Nell’ottocento, durante le sagre popolari, in spiazzi polverosi di paese, in locali di fortuna oppure nei saloni dei castelli e dei palazzi ove abitavano i signori dell’epoca era facile poter assistere a spettacoli allestiti da compagnie girovaghe di teatranti.

 

Alcune famiglie di artisti, soprattutto quelle del nord Italia ed in particolar modo del nord-est, abbandonarono quella forma di spettacolo in cui gli artisti si esibivano al centro del pubblico, il quale faceva da corona, per realizzare il Casotto o Baraccone trasportabile. Quest’ultimo venne poi ribattezzato Teatro Mobile o anche Carro di Trespi, per diventare successivamente, dapprima parapioggia e poi Circo dove l’ingresso del pubblico era a pagamento diversamente da quando la gente, spontaneamente, contribuiva con offerte. Oggi si dice “a cappello”.

 

Tra queste, le famiglie Beninati, Spinetto, Zavatta, Pozzi, Zamperla, Pellegrini, Medini, Bisbini, Bizzarro ed altre passarono dal Teatro Mobile al Circo.

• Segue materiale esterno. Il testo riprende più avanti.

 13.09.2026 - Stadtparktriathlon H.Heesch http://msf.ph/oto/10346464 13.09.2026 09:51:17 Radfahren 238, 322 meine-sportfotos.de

La storia del Clown Gionni parte da qui, quando nel lontano 1985, vennero alla luce i nonni di Gianni Montatori, (il Clown Gionni): in Calabria, Giovanni Mietitore figlio di Michele e Rosa Mietitore e nelle Marche, Irma Beninati figlia di Salvatore ed Anna Beninati.

 

Le famiglie Mietitore e Beninati erano teatranti girovaghi e come le altre compagnie si spostavano sui loro ottocenteschi “carrozzoni dei comici”, mitici carri coperti da un telo e trainati da cavalli. Viaggiavano su strade polverose di campagna, con a bordo attori, bambini, masserizie ed effetti di scena, regalando a tutti sorrisi ed emozioni.

 

Salvatore Beninati scritturò, nel 1915, Giovanni Mietitore per farlo lavorare come acrobata e clown nel suo circo. Giovanni, chiamato Giovannino, sposò la figlia di Salvatore, Irma ed ebbero 5 figli, un unico maschio Michele, primogenito e poi Rosina, Anna Rosa, Maria e Assuntina. Anna Rosa diede alla luce nel 1949 Gianni.

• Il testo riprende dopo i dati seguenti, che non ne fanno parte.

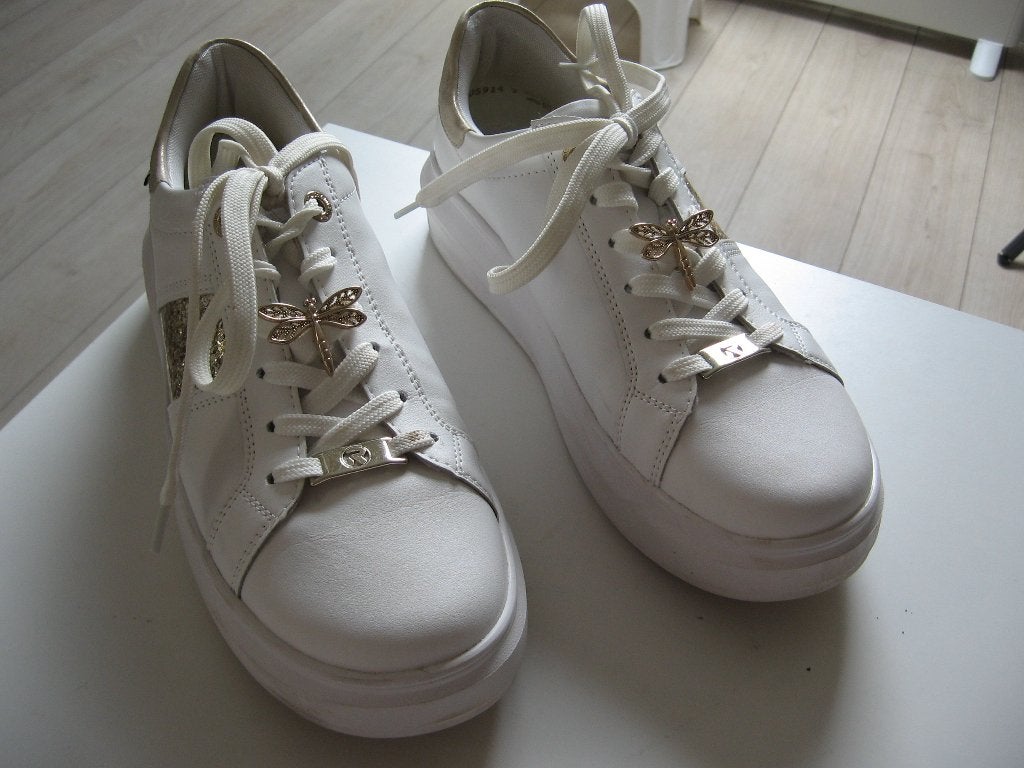 Rieker R Revolution sneaker wit goud 39 zeg maar nieuw€45,00, Wit, Ophalen of Verzenden, Sneakers of Gympen, Zo goed als nieuw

In questo ambiente il Clown Gionni è nato e vissuto, respirando sin dalla nascita lo spettacolo come primaria ed essenziale forma di vita.  Tutto veniva fatto in funzione della rappresentazione, che era l’unico sostentamento per queste famiglie. Di conseguenza la necessità di coltivarne ogni aspetto, sviluppare ogni nuova idea ed inventare ogni giorno ciò che avrebbe potuto piacere e sorprendere il pubblico, dalle acrobazie alla recita comica e drammatica (bozzetti) e all’esibizione di animali addestrati.

 

Da ragazzo, Gianni si esibiva come trapezista, giocoliere, spalla del Clown, mangiafuoco e tanto altro ancora coltivando, però, la passione per il Tony (clown), che osservava, ammirava e ne studiava ogni dettaglio, sognando di potersi esibire in pista vestendo i panni di questo personaggio. Un giorno, così come accadono queste cose, lo zio disse a Gianni, che dopo il numero di trapezio si sarebbe dovuto truccare in fretta per fare una “entrata”, così si chiama l’esibizione dei clown. Con il cuore in gola ecco Gianni in scena, nel ruolo che aveva sempre desiderato interpretare. Grande successo e da quel momento il percorso non si è mai più interrotto.

 

Così ancora oggi, con i figli Marco ed Adriano e la collaborazione di bravi artisti, Gianni Montatori, che ha assunto il nome artistico di Gionni, continua la straordinaria storia dei suoi antenati e che da sempre si tramanda da generazioni in generazioni.